* EXERCISE INSTRUCTIONS
Retype the lines of the material below, exactly and only, from the one containing "Christmas sale vector" through the last line, with pictures left out.
++++
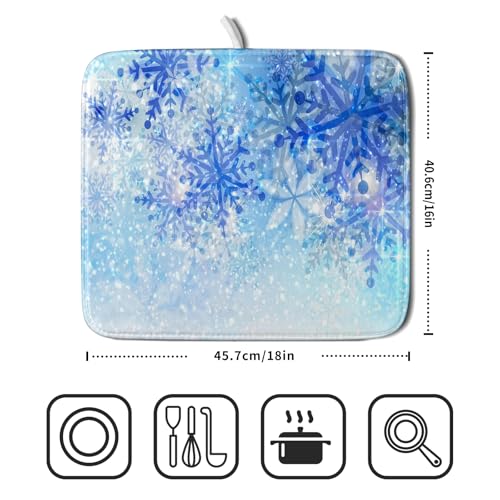 16"x18" Winter Blue Snowflakes Dish Drying Mat Christmas Snow Falling Nature Ice Dish Drainer Mats for Kitchen Microfiber Reversible Dish Drying Rack Pad for Countertop Tabletop Decor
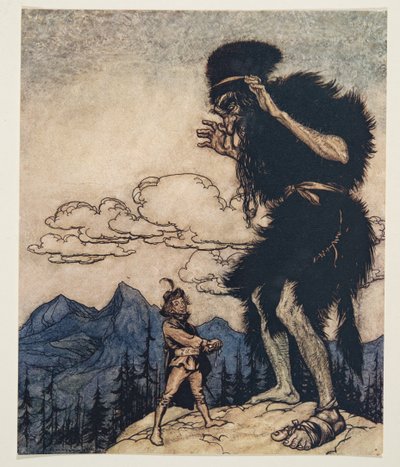Sacando el trozo de queso blando de su bolsillo, lo apretó hasta que salió la humedad, de Los cuentos de hadas de los hermanos Grimm, pub. 1909 de Arthur Rackham
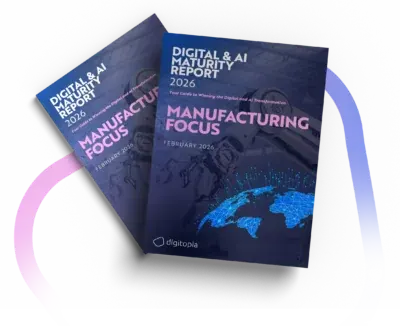 Two copies of the Digital & AI Maturity Report 2026 Manufacturing Focus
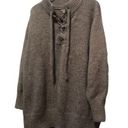 Falls Creek  Gray Lace Up Sweater Photo 0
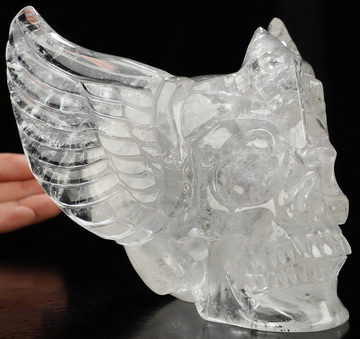 5.8" Quartz Rock Crystal Hand Carved Guardian Crystal Skull Sculpture, Crystal Healing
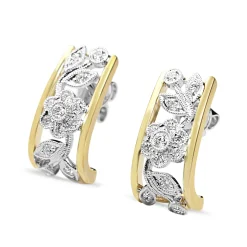 9ct Yellow and White Gold Diamond Floral Drop Earrings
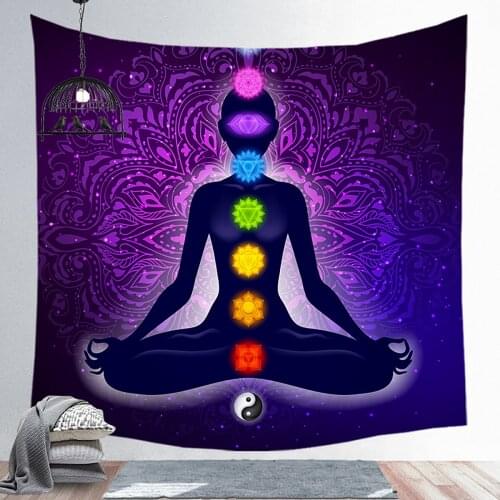 1PC Buddha Statue Meditation 7 Chakra Tapestry Wall Hanging Mandala Tapestries Wall Cloth Yoga Carpet Decor Short Fluff Small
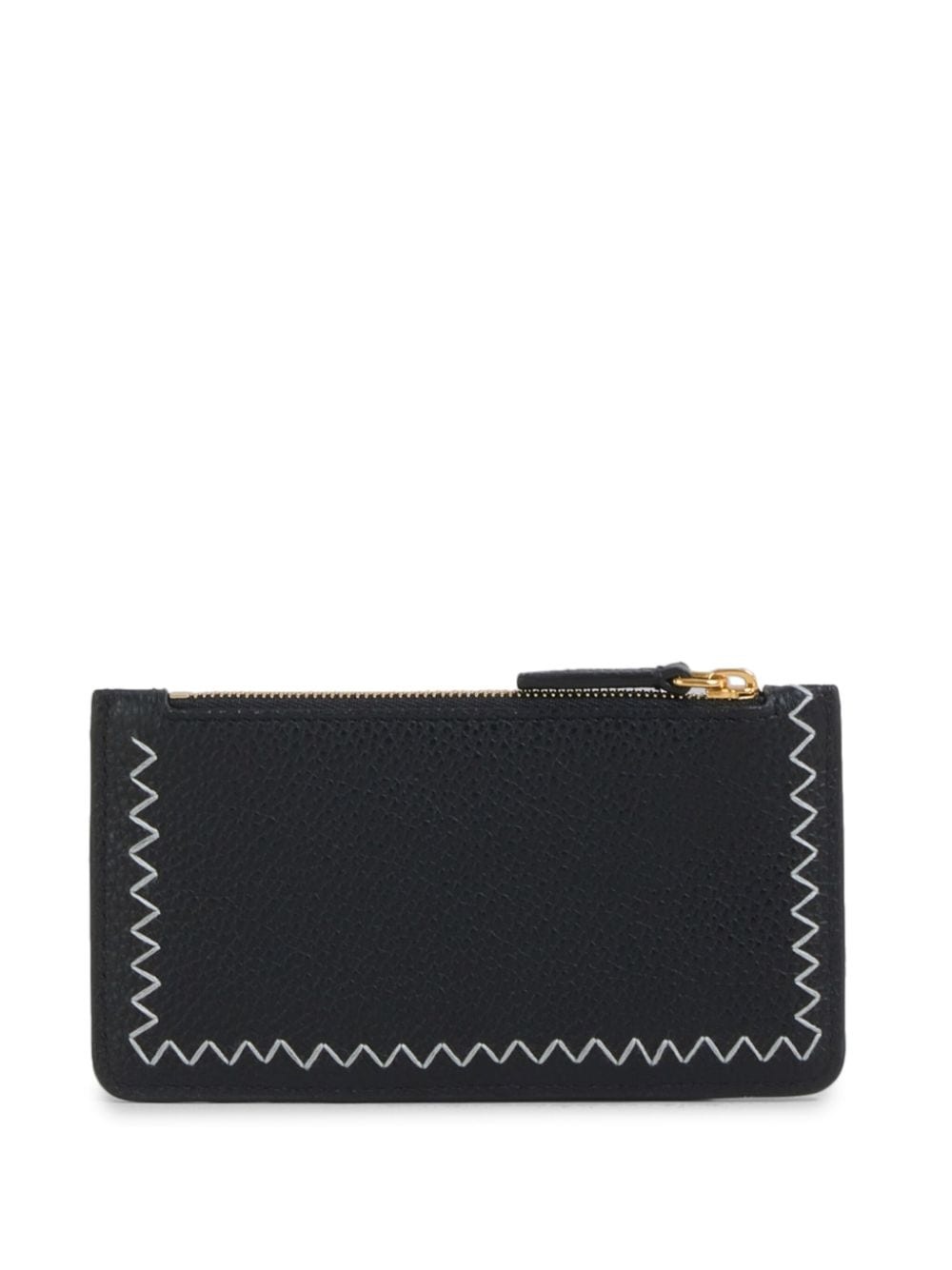 logo-embroidered leather card case - 2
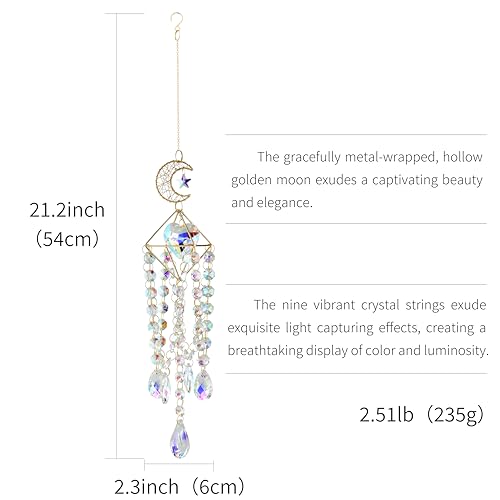 Ahorra 40% en Atrapasueños Colgante de Luna y Amor con Cristal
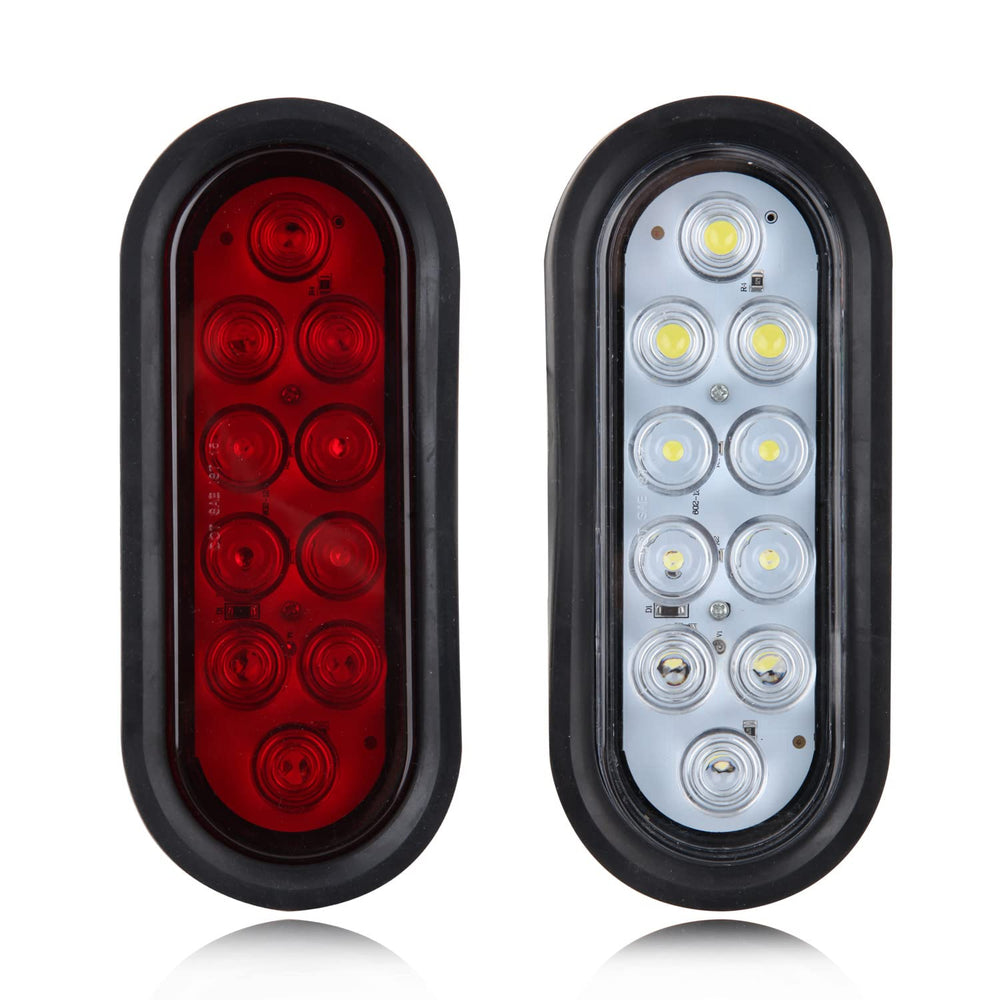 Partswcgg red oval LED tail light with flush grommets for secure, low-profile mounting.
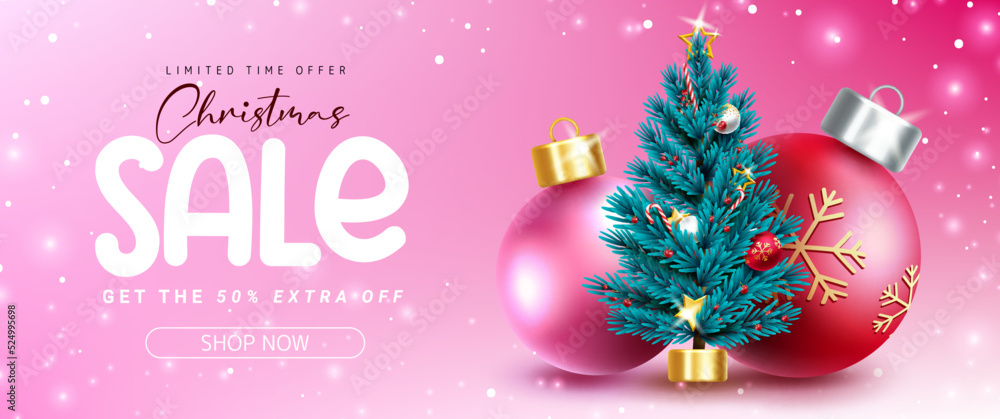 Christmas sale vector banner design. Christmas sale text in limited time offer with seasonal elements of xmas balls and tree for price discount promo ads. Vector illustration.

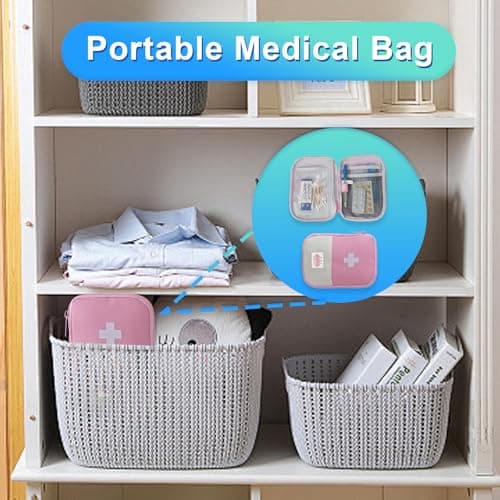 DHSWNNG 2 PCS First Aid Bag Empty, Mini First Aid Kit Portable Medicine Bags Waterproof Medicine Travel Storage Bag First Aid Pouch for Hiking Camping (2 Sizes, Pink) — view 3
++++
* REPLY TO THE EXERCISE
 Christmas sale vector banner design. Christmas sale text in limited time offer with seasonal elements of xmas balls and tree for price discount promo ads. Vector illustration.

 DHSWNNG 2 PCS First Aid Bag Empty, Mini First Aid Kit Portable Medicine Bags Waterproof Medicine Travel Storage Bag First Aid Pouch for Hiking Camping (2 Sizes, Pink) — view 3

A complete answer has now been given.